The second I have read before (though I can’t remember where -- they are all starting to blend together) -- that we must stop being so choosy or choosing the wrong ones. Mind you -- the word is choosy, not picky. The blames lies in our over abundance of options -- from online dating to speed dating to meeting people in bars. Men and women have gone from settling (which is bad) to waiting for the unrealistic (which is also bad).

The fourth was never my problem, “Heed Early Clues to Character.” I am a big fan of breaking up after one red flag or three yellow flags. The fifth “Push Yourself Out of Your Patterns” clearly doesn’t apply to me as we have already discussed, I need more rules and patterns, not less.

And I admit, I rolled my eyes at the third shake-up: “Don’t Fall In Love With Love” and almost skipped it. I know girls like this and let me tell you I am not one of them. About halfway through, I did another eye roll when a doctor starts talking about heeding your mother’s advice and not jumping into bed with someone too soon into the relationship.

Why? I wanted to scream. But he said nothing about cows or milk so I kept reading.

According to John Van Epp, author of How Not to Marry a Jerk our brains release oxytocin during sex that spurs bonding and feelings of connection. So early on in a relationship, oh say date three, when you may still be unsure if you like this guy or girl, having sex with him or her may make you think there is more there, there.

I threw the magazine down in my lap. Crap, this part sounded familiar.

See, I have often wondered, when it came to Wharton, if I really liked him or if I really liked having sex with him. I mean, duh, I know I liked having sex with him. My question is was it ever anything more. Had we waited, would we have ever made it to that level or by having sex with him did I jump from my fence of indecision (you know the one that butts up against the land of disinterest) to firmly in the land of like.

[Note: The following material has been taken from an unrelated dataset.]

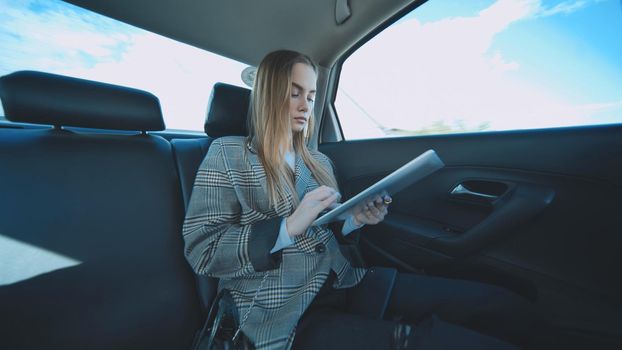 Busy student working with her tablet and phone in her car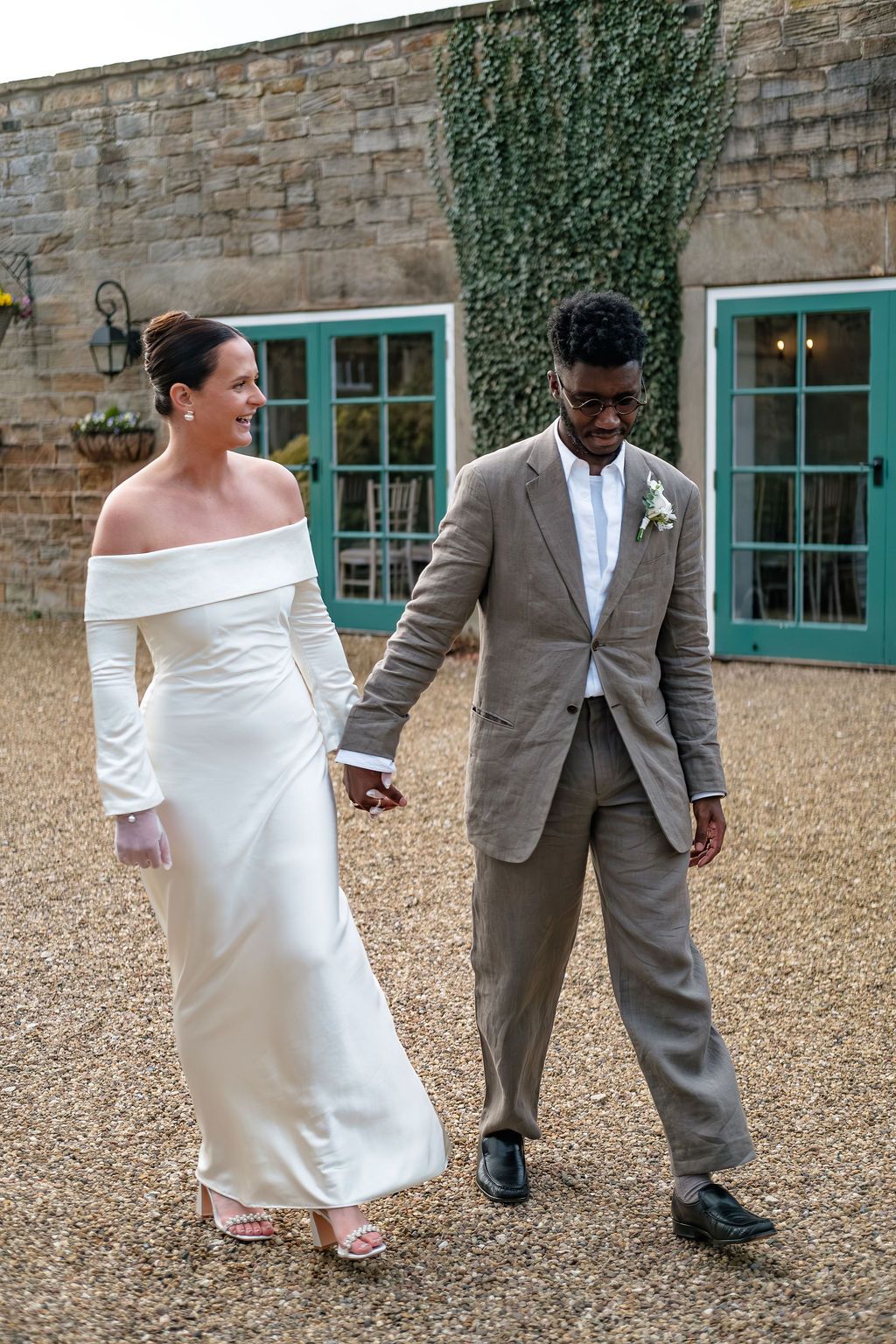 A bride in white off-shoulder gown and groom in tan suit hold hands walking outside a stone building.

Unfortunately there is no way back to the fence. At least there wasn’t for me. Once I was in the land of like it was all emotions and confusion and orgasms and before I knew it I was hurt by a guy that I wasn’t even sure I could like-like before I slept with him.

And as I am never one to repeat the same mistake twice (once I admit it is a mistake,that is. If I think I am right, hell, I will keep going until some doctor in a magazine proves me wrong), I guess I am going to have to reconsider my third date’s the charm policy.

Tuesday, July 14, 2009

Get The Eff Away From Me

Every single-girl has been asked at one time or another, “How is it that you are still single?”

Well, over the Fourth of July holiday, I found my answer.

I am completely unapproachable.

As you know we were at Salty’s place at the shore. And as no visit to North Wildwood would be complete without a trip to Keenan’s, we started our Friday night off there.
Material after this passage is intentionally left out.